Città della Spezia Liguria News Genova Post Città della Spezia La Voce Apuana
LA REDAZIONE
Telefono redazione La Spezia 0187 1852605
Fax redazione La Spezia 0187 1852515
PUBBLICITA'
Telefono pubblicita La Spezia 0187 1952682

Ultimo aggiornamento: Sabato 20 Aprile - ore 10.34

Facebook Città della Spezia Twitter Città della Spezia Instagram Città della Spezia

Galleno: "Credo nella salvezza del Valdivara 5 Terre"

Parola all'allenatore del club di Beverino "Esperienza che può migliorarmi. Squadra giovane? Dove altri vedono handicap io vedo la nostra forza" "Fuori quota? Contrario per il bene dei ragazzi!" "Arbitri? Ci vuole rispetto da entrambe le parti"

Galleno: "Credo nella salvezza del Valdivara 5 Terre"

La Spezia - Una stagione che dopo le grandi aspettative iniziali si è trasformata in una faticosa salita, una stagione che lo aveva visto per due volte nel ruolo di vice allenatore fino a quando il Valdivara 5 Terre gli ha concesso fiducia facendolo debuttare nel torneo di Eccellenza con il compito di ottenere una salvezza che alla fine del Girone di Andata appare difficile, ma di certo non impossibile. Lui è mister Francesco Galleno e quest'oggi è ospite delle pagine virtuali di Calcio Spezzino raccontandoci la sua esperienza e questi ultimi "chiacchierati" mesi del sodalizio di Beverino.

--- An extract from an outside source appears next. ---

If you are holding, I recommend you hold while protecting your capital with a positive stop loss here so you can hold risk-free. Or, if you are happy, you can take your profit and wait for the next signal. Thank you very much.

Benvenuto mister sulle pagine di Calcio Spezzino, partiamo con le domande. Per lei che si è sempre misurato con I e II Categoria o formazioni giovanili come è stato trovarsi alla guida di una formazione di Eccellenza?

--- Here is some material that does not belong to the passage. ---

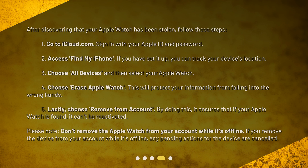What steps should I take after the theft? After discovering that your Apple Watch has been stolen, follow these steps. One: go to iCloud.com and sign in with your Apple ID and password. Two: access Find My iPhone — if you have it set up, you can track your device's location. Three: choose All Devices and then select your Apple Watch. Four: choose Erase Apple Watch to protect your information from falling into the wrong hands.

"Bellissimo. Anche in una situazione difficile come la nostra, si respira calcio di alto livello nelle piccolissime cose. Dal punto di vista gestionale, posso dire di aver vissuto nello stesso semestre due situazioni completamente diverse. Prima un gruppo di alto livello tecnico e con una storia importante, ora un gruppo di giovani di talento, accompagnati da meno giovani di grande spessore, tutti con una fame rara. Nel primo caso ci sono gerarchie, storie, palmares pesanti e caratteri particolari da dover gestire. Con i ragazzi giovani invece è meno complesso, hanno voglia di mettersi in gioco e sono molto disponibili e ricettivi. In generale il lavoro di campo è più agevole rispetto alle categorie inferiori, perché si ha a che fare con giocatori più dotati e mentalmente preparati e disponibili ad un certo tipo di allenamento. In I e II Categoria ad esempio è molto più complesso coinvolgere i ragazzi nel lavoro tattico. Chi gioca, lo fa soprattutto per divertirsi e spesso trova noioso curare basi e dettagli nella costruzione del modello tattico."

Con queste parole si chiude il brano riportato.